[Task input]

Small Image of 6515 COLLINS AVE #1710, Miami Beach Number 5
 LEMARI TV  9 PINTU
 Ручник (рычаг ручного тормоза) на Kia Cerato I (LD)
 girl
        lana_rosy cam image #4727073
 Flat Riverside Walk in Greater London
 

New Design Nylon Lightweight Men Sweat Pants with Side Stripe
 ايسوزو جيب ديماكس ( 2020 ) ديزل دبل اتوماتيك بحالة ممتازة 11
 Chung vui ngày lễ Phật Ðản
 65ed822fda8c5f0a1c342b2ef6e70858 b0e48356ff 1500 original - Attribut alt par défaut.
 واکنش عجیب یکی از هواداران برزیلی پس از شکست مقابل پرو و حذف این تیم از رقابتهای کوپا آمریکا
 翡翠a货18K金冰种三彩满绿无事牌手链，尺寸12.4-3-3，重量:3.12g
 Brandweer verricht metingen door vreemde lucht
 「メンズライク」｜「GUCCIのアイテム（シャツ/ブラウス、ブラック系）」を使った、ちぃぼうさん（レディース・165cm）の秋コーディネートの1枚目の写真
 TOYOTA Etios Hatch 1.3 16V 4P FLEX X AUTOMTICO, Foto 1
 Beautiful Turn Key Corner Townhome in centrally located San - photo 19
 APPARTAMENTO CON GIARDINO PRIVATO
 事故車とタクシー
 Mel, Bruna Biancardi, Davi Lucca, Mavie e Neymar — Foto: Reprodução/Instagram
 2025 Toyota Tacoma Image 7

[/Task input]

Your instructions ::
Reproduce the line that contains "Beautiful Turn Key" and each line after it through the last line of the entries above, exactly; leave out all earlier lines.

Result of this exercise ::
 Beautiful Turn Key Corner Townhome in centrally located San - photo 19
 APPARTAMENTO CON GIARDINO PRIVATO
 事故車とタクシー
 Mel, Bruna Biancardi, Davi Lucca, Mavie e Neymar — Foto: Reprodução/Instagram
 2025 Toyota Tacoma Image 7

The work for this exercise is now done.